═════ Given records ═════

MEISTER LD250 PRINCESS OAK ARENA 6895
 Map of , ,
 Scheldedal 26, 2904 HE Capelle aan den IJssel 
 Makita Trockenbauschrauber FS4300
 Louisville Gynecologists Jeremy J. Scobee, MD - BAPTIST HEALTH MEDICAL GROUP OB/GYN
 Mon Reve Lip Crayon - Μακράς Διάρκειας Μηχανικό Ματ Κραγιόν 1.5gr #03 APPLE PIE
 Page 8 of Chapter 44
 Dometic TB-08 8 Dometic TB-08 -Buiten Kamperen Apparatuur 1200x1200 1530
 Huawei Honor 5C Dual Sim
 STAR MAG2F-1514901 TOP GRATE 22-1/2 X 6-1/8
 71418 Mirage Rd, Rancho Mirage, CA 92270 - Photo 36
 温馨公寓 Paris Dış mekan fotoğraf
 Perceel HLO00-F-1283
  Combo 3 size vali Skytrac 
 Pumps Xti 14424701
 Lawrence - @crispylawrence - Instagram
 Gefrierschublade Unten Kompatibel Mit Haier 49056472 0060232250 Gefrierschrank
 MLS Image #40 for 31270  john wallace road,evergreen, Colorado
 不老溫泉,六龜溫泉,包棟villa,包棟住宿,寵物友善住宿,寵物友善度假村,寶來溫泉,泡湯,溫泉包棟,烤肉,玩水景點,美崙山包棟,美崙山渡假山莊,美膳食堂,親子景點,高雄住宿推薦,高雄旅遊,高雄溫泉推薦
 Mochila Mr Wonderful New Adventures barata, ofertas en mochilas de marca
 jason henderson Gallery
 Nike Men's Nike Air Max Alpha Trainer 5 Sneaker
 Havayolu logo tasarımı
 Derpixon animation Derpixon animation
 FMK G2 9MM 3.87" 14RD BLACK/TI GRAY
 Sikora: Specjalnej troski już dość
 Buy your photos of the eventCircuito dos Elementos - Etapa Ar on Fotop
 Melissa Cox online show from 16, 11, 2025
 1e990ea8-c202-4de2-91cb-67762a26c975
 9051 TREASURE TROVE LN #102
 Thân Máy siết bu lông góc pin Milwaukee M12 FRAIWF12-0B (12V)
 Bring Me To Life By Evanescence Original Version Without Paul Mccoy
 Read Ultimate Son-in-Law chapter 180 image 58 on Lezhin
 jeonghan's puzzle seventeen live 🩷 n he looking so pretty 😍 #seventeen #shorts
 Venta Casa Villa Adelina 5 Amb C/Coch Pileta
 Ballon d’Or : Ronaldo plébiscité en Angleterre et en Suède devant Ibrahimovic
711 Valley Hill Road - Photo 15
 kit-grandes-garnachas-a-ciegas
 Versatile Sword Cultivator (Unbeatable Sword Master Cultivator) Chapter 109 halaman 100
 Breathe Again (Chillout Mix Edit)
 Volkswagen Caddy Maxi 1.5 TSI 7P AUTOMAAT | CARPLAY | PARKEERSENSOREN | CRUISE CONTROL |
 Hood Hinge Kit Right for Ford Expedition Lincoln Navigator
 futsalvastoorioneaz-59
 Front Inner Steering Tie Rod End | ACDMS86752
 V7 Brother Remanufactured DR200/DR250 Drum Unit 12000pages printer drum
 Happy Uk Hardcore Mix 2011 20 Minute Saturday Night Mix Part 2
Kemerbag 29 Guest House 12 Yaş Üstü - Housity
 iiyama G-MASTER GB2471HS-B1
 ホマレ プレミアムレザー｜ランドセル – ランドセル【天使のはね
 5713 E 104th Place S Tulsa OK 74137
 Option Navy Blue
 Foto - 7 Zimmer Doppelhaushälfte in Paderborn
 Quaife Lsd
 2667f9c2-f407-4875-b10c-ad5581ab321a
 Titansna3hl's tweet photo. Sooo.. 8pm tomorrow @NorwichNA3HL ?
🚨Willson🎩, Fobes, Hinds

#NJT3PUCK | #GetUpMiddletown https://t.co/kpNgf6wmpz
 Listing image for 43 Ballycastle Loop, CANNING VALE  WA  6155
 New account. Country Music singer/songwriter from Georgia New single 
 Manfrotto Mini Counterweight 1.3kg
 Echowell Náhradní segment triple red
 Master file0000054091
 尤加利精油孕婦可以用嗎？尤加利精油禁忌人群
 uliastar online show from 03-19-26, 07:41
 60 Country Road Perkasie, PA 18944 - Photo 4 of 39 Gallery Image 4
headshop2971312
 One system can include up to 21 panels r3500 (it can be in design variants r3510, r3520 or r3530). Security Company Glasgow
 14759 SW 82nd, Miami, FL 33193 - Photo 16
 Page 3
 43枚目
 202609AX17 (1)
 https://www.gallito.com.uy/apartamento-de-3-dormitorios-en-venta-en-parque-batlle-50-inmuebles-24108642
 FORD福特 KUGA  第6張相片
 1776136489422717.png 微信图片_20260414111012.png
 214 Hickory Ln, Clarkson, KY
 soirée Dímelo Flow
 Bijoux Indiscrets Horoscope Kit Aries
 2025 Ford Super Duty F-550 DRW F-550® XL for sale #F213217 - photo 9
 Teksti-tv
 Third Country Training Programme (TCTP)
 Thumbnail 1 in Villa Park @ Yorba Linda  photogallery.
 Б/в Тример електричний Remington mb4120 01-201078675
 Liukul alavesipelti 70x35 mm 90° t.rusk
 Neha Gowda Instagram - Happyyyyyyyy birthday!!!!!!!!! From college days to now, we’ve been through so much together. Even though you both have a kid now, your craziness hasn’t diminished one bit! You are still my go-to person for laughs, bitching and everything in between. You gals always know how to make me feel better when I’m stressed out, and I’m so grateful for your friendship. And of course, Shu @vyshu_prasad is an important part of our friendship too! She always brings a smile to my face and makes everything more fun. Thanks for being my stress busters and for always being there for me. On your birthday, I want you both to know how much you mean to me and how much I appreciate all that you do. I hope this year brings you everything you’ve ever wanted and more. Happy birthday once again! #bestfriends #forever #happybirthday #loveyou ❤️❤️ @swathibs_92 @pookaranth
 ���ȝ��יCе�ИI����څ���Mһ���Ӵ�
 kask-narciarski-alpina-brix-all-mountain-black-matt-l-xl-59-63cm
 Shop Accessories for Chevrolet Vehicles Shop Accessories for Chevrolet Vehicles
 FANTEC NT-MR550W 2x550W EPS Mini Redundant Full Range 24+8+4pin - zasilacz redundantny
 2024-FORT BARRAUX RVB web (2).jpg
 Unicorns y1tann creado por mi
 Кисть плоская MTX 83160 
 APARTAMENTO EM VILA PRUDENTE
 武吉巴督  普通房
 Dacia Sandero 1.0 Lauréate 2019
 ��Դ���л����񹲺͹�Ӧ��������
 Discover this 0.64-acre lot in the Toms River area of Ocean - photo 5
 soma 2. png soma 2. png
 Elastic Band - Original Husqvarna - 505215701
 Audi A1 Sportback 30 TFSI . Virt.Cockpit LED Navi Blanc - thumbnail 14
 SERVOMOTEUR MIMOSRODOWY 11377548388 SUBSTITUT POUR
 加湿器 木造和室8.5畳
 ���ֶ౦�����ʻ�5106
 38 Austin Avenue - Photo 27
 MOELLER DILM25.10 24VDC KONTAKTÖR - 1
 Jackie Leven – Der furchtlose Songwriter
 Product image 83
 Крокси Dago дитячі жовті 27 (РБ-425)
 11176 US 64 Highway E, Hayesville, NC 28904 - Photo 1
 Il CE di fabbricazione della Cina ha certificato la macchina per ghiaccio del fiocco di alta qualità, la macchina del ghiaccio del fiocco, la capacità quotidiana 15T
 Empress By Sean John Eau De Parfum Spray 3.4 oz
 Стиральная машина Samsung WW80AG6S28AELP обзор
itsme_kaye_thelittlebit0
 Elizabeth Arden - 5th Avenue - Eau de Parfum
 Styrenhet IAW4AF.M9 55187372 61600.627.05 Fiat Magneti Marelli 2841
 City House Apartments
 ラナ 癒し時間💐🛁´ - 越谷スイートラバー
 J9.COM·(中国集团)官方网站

═════

Work instruction –
All lines above from the one containing "Master file0000054091" to the one containing "Shop Accessories for Chevrolet Vehicles Shop" must be repeated exactly, both lines included, and no others.

Answer –
 Master file0000054091
 尤加利精油孕婦可以用嗎？尤加利精油禁忌人群
 uliastar online show from 03-19-26, 07:41
 60 Country Road Perkasie, PA 18944 - Photo 4 of 39 Gallery Image 4
headshop2971312
 One system can include up to 21 panels r3500 (it can be in design variants r3510, r3520 or r3530). Security Company Glasgow
 14759 SW 82nd, Miami, FL 33193 - Photo 16
 Page 3
 43枚目
 202609AX17 (1)
 https://www.gallito.com.uy/apartamento-de-3-dormitorios-en-venta-en-parque-batlle-50-inmuebles-24108642
 FORD福特 KUGA  第6張相片
 1776136489422717.png 微信图片_20260414111012.png
 214 Hickory Ln, Clarkson, KY
 soirée Dímelo Flow
 Bijoux Indiscrets Horoscope Kit Aries
 2025 Ford Super Duty F-550 DRW F-550® XL for sale #F213217 - photo 9
 Teksti-tv
 Third Country Training Programme (TCTP)
 Thumbnail 1 in Villa Park @ Yorba Linda  photogallery.
 Б/в Тример електричний Remington mb4120 01-201078675
 Liukul alavesipelti 70x35 mm 90° t.rusk
 Neha Gowda Instagram - Happyyyyyyyy birthday!!!!!!!!! From college days to now, we’ve been through so much together. Even though you both have a kid now, your craziness hasn’t diminished one bit! You are still my go-to person for laughs, bitching and everything in between. You gals always know how to make me feel better when I’m stressed out, and I’m so grateful for your friendship. And of course, Shu @vyshu_prasad is an important part of our friendship too! She always brings a smile to my face and makes everything more fun. Thanks for being my stress busters and for always being there for me. On your birthday, I want you both to know how much you mean to me and how much I appreciate all that you do. I hope this year brings you everything you’ve ever wanted and more. Happy birthday once again! #bestfriends #forever #happybirthday #loveyou ❤️❤️ @swathibs_92 @pookaranth
 ���ȝ��יCе�ИI����څ���Mһ���Ӵ�
 kask-narciarski-alpina-brix-all-mountain-black-matt-l-xl-59-63cm
 Shop Accessories for Chevrolet Vehicles Shop Accessories for Chevrolet Vehicles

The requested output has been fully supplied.